[[ Provided records open ]]

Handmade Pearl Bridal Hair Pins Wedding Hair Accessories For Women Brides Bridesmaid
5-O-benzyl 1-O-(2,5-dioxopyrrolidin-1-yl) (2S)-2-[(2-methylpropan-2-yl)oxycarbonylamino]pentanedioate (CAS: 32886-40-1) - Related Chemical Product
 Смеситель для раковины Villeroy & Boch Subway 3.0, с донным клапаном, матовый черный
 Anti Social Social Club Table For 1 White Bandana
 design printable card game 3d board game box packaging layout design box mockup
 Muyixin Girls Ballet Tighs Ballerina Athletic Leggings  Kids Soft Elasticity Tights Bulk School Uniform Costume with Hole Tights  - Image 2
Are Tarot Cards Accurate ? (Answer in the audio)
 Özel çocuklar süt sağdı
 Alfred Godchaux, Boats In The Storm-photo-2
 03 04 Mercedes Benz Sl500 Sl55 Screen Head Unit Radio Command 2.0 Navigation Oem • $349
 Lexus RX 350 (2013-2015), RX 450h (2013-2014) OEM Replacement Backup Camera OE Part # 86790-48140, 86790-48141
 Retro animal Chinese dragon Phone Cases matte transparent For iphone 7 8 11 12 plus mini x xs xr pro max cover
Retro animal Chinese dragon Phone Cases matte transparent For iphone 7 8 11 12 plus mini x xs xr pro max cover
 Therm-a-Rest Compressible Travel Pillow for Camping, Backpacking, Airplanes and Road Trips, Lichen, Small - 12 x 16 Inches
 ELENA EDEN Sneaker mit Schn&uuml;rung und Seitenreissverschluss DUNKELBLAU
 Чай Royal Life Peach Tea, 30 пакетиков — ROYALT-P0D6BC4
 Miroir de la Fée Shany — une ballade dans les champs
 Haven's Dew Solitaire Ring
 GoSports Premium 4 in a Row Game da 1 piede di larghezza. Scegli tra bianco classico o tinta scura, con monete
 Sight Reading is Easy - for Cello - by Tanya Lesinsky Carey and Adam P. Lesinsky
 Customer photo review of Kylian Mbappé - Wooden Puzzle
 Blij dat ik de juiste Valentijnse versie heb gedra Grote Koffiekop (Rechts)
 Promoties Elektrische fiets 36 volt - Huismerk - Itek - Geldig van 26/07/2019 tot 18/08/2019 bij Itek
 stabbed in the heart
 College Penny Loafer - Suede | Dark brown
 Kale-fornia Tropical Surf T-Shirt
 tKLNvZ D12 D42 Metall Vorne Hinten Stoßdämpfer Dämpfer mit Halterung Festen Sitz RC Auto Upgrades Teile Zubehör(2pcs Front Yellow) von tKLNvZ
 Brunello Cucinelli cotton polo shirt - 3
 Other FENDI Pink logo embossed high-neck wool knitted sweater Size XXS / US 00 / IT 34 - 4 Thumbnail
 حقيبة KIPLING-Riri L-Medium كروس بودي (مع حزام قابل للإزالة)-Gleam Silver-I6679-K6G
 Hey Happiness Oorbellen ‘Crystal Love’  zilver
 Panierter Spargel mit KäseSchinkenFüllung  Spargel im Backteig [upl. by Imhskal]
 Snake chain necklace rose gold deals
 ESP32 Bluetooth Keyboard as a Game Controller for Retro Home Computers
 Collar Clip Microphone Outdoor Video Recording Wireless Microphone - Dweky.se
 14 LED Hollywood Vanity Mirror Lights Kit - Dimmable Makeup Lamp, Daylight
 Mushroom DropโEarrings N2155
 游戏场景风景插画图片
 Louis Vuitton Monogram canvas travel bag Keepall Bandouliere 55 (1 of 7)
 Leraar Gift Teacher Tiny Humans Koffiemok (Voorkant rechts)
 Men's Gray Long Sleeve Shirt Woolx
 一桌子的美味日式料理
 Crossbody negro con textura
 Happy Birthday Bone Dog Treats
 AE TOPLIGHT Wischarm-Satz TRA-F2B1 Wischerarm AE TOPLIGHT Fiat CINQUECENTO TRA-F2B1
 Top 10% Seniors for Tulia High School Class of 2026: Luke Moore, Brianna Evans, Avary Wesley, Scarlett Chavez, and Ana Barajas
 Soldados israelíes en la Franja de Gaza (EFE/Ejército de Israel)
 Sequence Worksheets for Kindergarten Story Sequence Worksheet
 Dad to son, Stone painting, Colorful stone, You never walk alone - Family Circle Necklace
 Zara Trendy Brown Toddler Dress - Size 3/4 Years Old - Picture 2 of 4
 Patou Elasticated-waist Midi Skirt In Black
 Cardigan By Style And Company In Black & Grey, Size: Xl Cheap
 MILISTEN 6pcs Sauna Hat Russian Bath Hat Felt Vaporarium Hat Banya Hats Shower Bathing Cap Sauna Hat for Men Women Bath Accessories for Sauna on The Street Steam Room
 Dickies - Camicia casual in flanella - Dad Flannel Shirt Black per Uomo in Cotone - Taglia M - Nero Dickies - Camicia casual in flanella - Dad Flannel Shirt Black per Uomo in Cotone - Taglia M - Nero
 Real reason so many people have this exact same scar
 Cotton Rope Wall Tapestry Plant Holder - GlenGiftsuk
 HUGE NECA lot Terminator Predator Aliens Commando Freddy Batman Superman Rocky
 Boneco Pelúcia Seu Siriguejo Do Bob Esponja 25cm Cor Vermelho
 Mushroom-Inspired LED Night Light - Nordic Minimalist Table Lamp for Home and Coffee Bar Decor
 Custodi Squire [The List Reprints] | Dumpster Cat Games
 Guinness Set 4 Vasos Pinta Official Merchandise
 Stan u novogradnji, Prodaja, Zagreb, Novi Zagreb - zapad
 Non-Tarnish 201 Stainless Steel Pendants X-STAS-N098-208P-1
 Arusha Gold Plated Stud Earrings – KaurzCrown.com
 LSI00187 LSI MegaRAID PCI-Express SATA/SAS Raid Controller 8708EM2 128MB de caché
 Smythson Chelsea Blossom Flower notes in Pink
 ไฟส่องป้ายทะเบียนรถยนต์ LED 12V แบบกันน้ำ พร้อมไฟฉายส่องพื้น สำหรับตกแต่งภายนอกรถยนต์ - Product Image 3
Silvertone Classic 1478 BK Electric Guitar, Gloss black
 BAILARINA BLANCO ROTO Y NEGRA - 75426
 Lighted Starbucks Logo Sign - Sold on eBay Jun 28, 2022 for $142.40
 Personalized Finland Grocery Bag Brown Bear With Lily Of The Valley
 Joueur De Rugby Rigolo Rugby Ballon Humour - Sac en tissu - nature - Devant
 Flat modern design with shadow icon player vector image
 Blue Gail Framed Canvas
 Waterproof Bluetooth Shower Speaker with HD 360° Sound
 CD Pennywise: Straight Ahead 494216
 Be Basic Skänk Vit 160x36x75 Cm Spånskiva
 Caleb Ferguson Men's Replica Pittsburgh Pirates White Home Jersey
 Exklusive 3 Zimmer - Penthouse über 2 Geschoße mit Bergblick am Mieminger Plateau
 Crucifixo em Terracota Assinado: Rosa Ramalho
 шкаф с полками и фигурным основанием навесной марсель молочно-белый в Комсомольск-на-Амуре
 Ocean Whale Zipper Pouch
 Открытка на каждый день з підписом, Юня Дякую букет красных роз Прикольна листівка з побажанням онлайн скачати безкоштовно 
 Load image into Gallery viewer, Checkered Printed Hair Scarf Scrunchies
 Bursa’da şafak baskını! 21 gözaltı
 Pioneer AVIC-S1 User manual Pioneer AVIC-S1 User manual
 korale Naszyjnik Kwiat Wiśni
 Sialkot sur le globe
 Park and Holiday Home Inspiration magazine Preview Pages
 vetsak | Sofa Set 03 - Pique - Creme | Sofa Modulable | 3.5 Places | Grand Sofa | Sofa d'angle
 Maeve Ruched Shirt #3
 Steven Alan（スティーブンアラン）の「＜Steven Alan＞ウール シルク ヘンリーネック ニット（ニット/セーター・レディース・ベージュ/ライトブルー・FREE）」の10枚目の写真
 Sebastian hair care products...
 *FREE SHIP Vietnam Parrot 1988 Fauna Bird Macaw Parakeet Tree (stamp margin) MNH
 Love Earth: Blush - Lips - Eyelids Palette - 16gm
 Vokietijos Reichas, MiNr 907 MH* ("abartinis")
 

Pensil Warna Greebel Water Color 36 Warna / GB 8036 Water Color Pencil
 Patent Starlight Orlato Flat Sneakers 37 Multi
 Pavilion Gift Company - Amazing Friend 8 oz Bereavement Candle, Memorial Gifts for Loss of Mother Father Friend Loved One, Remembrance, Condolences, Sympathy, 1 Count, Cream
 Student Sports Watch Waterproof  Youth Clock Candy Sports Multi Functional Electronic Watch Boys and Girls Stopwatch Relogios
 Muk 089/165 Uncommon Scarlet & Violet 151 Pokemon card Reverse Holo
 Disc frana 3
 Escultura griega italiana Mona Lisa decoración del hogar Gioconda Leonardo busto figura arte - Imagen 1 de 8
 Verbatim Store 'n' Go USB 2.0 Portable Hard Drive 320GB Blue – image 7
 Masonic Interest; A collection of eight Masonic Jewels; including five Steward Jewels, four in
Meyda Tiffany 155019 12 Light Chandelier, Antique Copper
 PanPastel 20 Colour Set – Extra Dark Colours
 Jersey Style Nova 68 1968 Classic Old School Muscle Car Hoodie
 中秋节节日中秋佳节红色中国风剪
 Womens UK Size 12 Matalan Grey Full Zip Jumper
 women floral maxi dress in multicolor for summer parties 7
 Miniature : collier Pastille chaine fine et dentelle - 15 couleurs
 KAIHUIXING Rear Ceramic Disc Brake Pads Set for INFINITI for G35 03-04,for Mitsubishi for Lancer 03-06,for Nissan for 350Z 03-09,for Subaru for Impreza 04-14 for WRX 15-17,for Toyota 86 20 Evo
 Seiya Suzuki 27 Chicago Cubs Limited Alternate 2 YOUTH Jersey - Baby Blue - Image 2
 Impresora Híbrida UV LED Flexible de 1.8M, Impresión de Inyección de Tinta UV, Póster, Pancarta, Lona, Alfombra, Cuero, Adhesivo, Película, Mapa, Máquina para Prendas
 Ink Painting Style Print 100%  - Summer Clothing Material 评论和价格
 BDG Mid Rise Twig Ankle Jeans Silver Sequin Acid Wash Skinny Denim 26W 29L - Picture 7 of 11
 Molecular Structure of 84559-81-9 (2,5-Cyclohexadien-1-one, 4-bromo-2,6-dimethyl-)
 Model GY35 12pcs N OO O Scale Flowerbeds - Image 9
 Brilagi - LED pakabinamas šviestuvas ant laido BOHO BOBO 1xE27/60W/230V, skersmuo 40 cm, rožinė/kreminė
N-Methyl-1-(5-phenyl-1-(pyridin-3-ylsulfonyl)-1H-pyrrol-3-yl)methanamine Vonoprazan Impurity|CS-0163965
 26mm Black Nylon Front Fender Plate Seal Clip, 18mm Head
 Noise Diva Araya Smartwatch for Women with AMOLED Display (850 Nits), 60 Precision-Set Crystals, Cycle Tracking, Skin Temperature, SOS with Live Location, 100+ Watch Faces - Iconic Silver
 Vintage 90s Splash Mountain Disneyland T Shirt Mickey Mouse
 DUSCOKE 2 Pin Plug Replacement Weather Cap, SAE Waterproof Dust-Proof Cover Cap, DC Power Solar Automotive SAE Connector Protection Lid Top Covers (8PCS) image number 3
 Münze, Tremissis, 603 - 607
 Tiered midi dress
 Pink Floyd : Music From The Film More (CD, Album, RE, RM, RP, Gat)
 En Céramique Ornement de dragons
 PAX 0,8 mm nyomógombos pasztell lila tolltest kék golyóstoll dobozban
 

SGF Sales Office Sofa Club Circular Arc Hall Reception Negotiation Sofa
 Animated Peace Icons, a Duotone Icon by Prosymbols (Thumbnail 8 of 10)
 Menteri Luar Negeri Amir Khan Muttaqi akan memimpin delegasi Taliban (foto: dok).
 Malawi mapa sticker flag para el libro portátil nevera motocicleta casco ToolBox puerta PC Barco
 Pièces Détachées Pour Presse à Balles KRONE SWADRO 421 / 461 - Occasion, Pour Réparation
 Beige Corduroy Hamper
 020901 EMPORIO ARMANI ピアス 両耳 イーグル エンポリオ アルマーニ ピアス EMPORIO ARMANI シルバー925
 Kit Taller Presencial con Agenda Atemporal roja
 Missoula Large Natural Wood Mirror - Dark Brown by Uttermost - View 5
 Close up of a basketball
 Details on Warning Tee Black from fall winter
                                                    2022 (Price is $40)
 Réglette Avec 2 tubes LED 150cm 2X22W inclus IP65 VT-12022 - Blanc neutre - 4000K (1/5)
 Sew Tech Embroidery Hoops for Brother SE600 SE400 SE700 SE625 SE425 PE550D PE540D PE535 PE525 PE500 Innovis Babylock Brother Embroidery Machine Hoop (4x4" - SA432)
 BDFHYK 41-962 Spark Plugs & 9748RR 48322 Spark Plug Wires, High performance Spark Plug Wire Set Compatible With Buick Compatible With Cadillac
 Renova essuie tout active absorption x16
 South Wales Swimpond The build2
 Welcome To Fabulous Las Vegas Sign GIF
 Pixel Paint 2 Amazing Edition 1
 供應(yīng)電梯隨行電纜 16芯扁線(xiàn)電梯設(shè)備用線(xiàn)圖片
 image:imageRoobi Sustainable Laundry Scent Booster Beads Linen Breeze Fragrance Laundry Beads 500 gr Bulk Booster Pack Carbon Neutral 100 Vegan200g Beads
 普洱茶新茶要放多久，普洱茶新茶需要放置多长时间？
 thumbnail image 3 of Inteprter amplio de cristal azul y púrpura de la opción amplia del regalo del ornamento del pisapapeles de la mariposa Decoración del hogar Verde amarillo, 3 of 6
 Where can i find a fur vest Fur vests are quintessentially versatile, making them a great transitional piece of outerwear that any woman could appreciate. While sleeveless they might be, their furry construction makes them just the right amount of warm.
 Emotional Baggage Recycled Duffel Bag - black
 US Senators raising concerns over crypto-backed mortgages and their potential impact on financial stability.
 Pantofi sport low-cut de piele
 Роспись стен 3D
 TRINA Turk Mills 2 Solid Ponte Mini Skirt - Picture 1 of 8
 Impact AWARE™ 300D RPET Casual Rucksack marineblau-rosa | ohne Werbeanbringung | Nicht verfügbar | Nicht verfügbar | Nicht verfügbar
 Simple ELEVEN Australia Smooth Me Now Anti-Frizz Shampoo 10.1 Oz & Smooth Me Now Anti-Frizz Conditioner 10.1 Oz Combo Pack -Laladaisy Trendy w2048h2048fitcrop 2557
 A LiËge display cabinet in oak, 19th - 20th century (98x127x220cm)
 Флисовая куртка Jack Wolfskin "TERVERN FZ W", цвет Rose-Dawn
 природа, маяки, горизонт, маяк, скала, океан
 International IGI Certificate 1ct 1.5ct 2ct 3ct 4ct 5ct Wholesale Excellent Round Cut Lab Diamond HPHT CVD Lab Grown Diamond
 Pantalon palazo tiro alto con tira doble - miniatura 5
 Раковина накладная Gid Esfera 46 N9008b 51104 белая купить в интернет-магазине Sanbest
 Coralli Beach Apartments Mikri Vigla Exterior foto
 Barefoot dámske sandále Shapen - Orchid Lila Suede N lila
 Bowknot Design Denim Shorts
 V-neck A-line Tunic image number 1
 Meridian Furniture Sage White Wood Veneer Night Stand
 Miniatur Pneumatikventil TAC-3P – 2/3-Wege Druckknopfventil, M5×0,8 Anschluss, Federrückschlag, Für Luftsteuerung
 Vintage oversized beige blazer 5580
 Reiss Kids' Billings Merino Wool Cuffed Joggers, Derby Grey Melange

[[ Provided records closed ]]

→ Task details
Return, with no change at all, every line in the entries above from the line containing "Crossbody negro con textura" through the line containing "Soldados israelíes en".

→ Reply to the task
 Crossbody negro con textura
 Happy Birthday Bone Dog Treats
 AE TOPLIGHT Wischarm-Satz TRA-F2B1 Wischerarm AE TOPLIGHT Fiat CINQUECENTO TRA-F2B1
 Top 10% Seniors for Tulia High School Class of 2026: Luke Moore, Brianna Evans, Avary Wesley, Scarlett Chavez, and Ana Barajas
 Soldados israelíes en la Franja de Gaza (EFE/Ejército de Israel)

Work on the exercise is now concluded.